**What you will do**
Your task is to return exactly the lines that run from the one containing "18 Shandon Park, Monkstown, Co." through the end of the listing below, without any pictures.

**Extracted entries**

________________

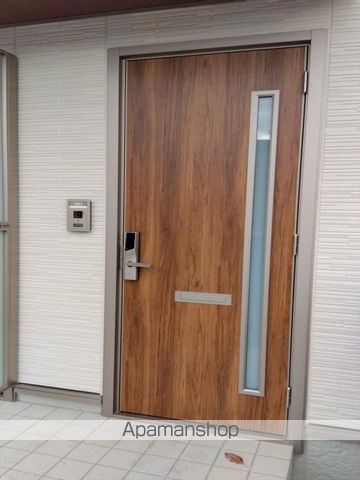 シャーメゾン八橋の玄関写真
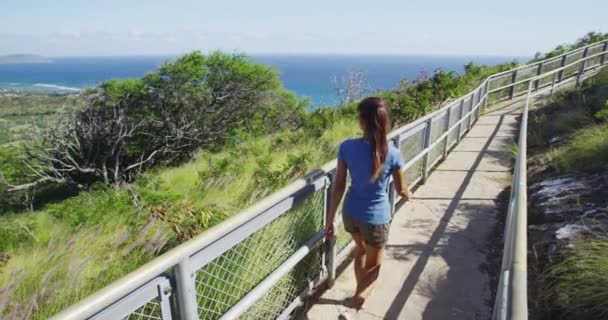 Wandelaar wandelen op wandelpad van observatiepunt bij Diamond Head State Monument — Stockvideo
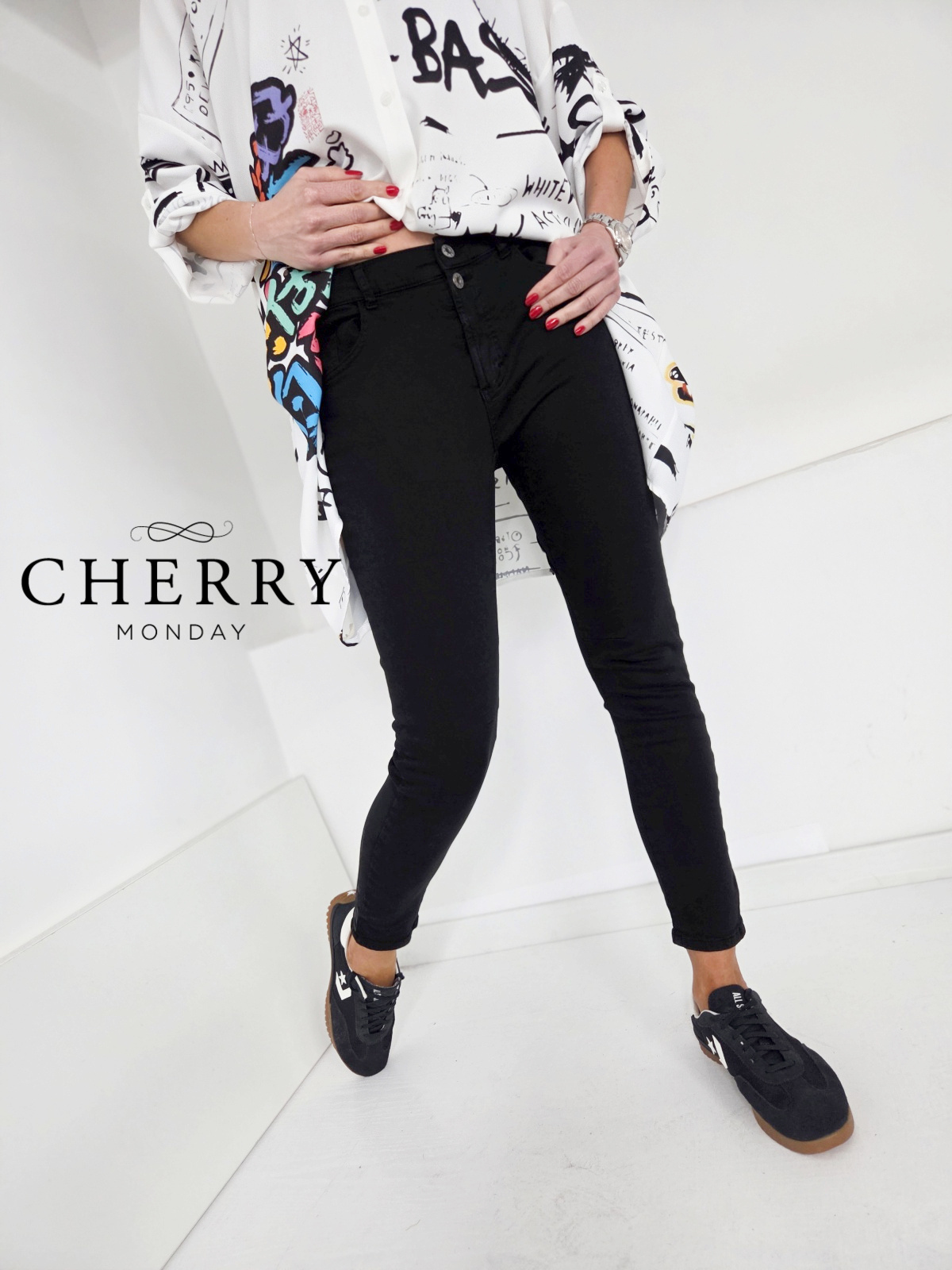 Barvne elastične jeans hlače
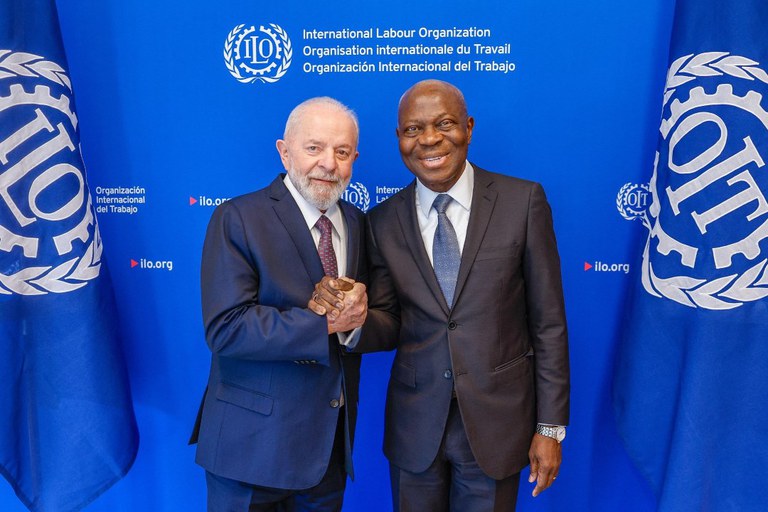 Lula e diretor da OIT.jpg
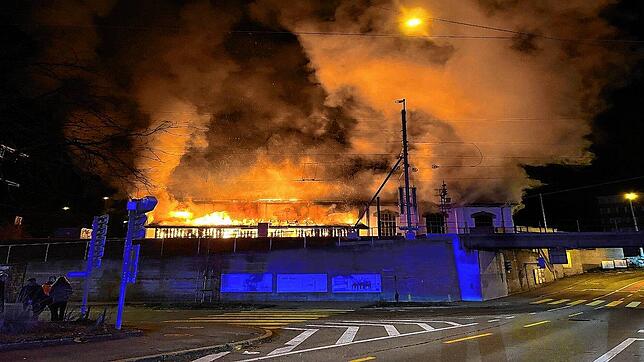 Flammen schießen aus dem Lokschuppen beim Güterbahnhof in Schaffhausen.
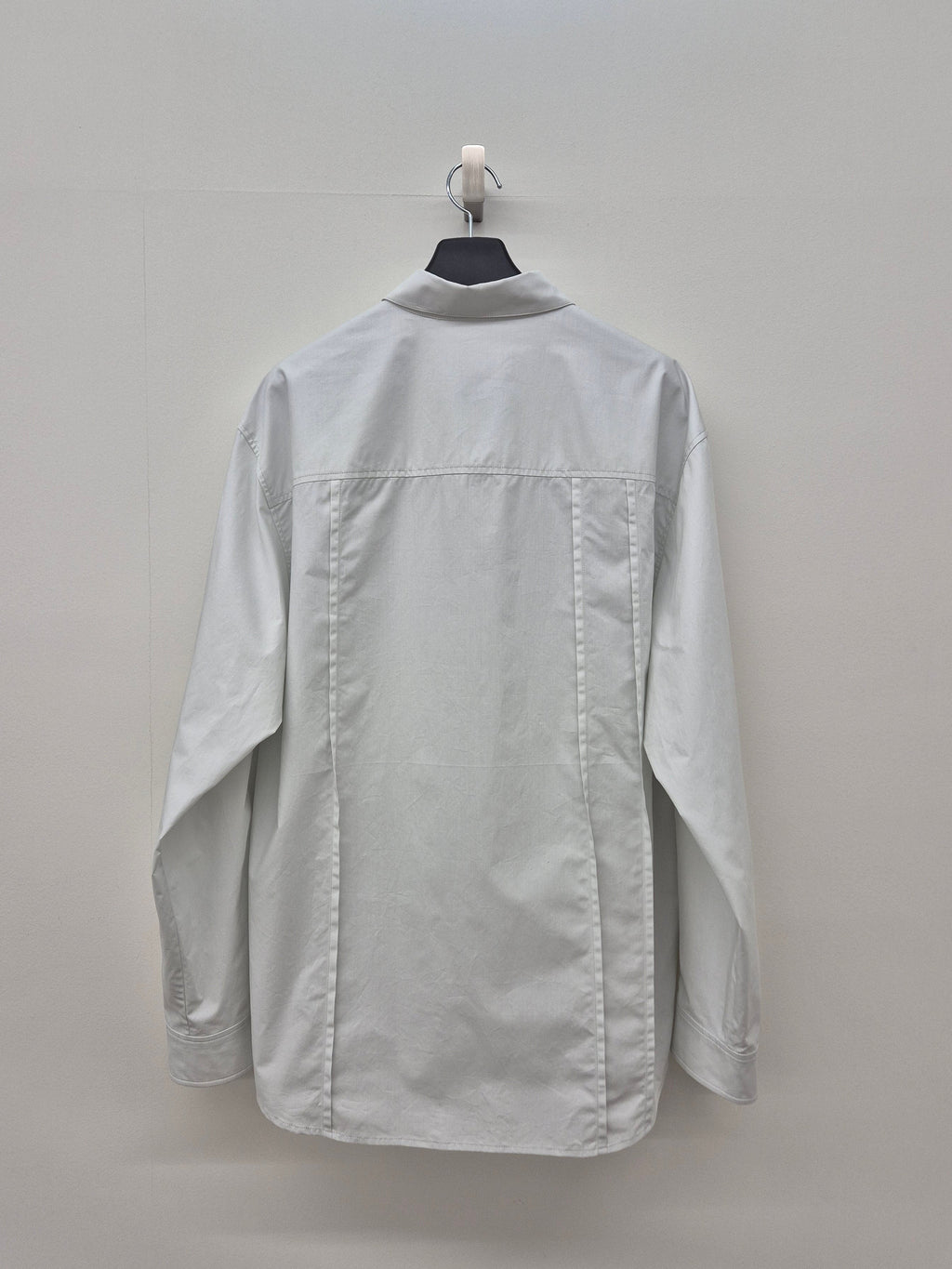 PEBBLE BUTTON SIGNATURE SHIRTS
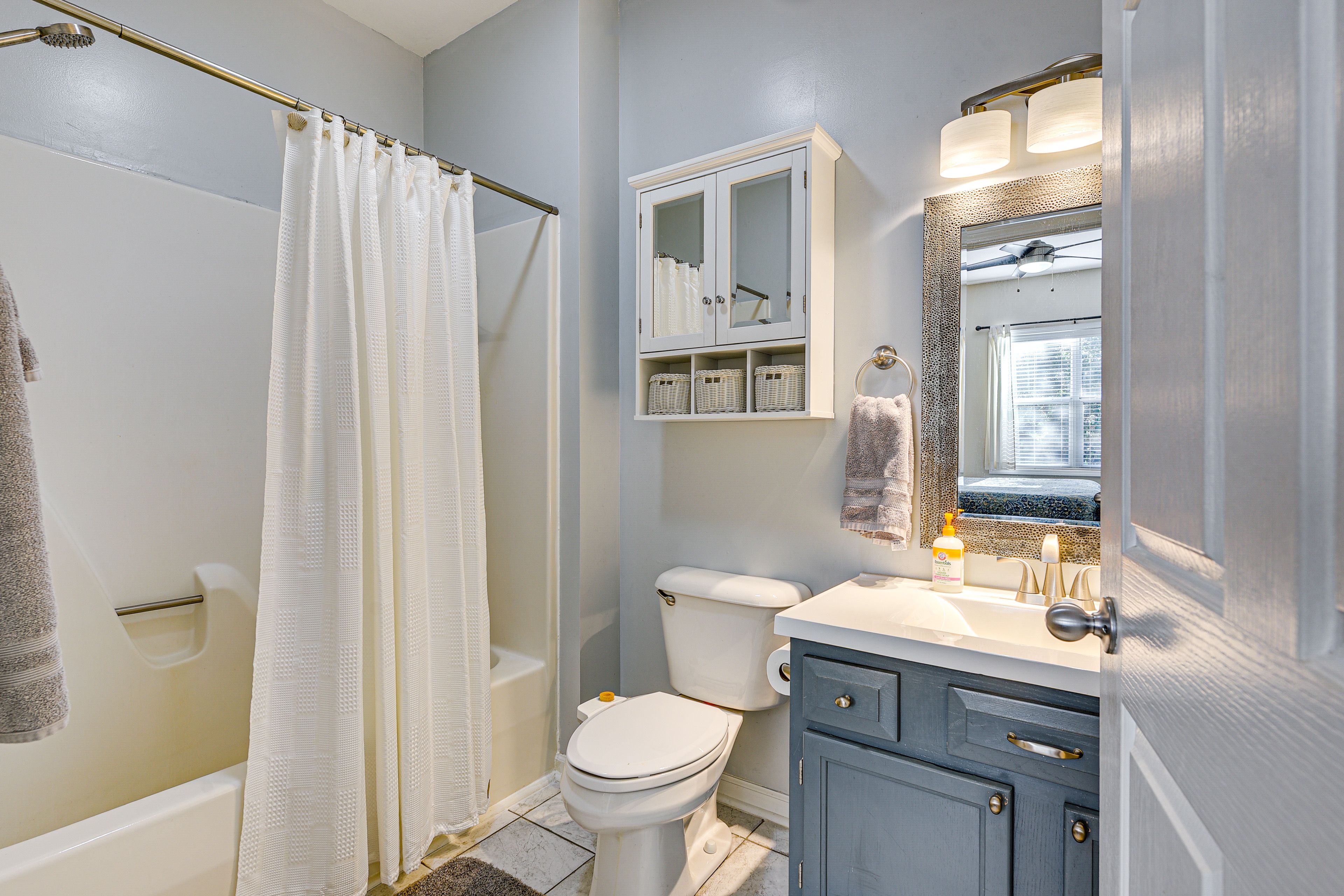 En-Suite Bathroom | Towels Provided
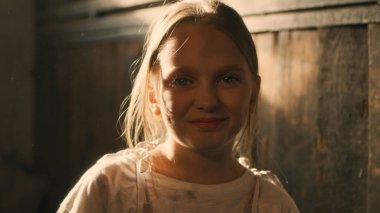 Köy ahırında pozitif kız.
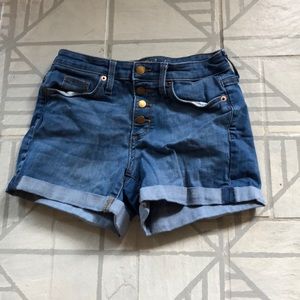 Women’s Medium was shorts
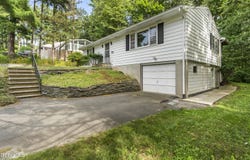 9 Hillside Road, Schaghticoke, NY 12182
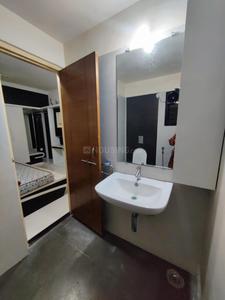 Bathroom Image of 500 Sq.ft 2 BHK Apartment / Flat for rent in M. K Atharva 3, Manish Nagar Nagpur for Rs. 26000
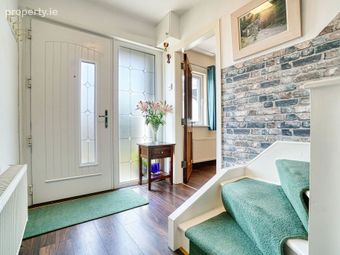 18 Shandon Park, Monkstown, Co. Dublin - Image 4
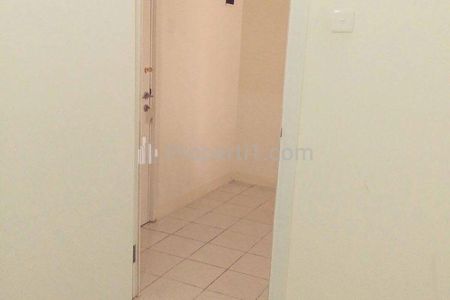 Dijual Unit 2 Kamar Kosongan Apartemen Green Pramuka City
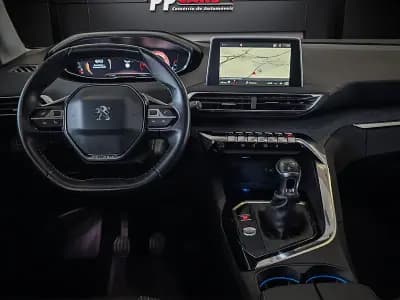 Vendo Peugeot 3008 2016 - 17450 EUR, 116000 km - AUTO.MOTO.pt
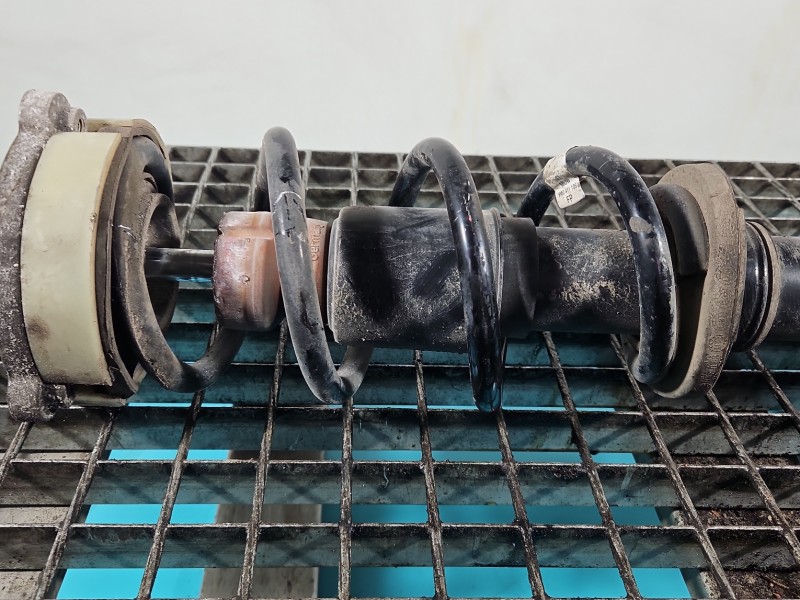 Sprężyna przód przednia Audi A4 B9 2.0 TFSI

________________

**Solution to the problem**
 18 Shandon Park, Monkstown, Co. Dublin - Image 4
 Dijual Unit 2 Kamar Kosongan Apartemen Green Pramuka City
 Vendo Peugeot 3008 2016 - 17450 EUR, 116000 km - AUTO.MOTO.pt
 Sprężyna przód przednia Audi A4 B9 2.0 TFSI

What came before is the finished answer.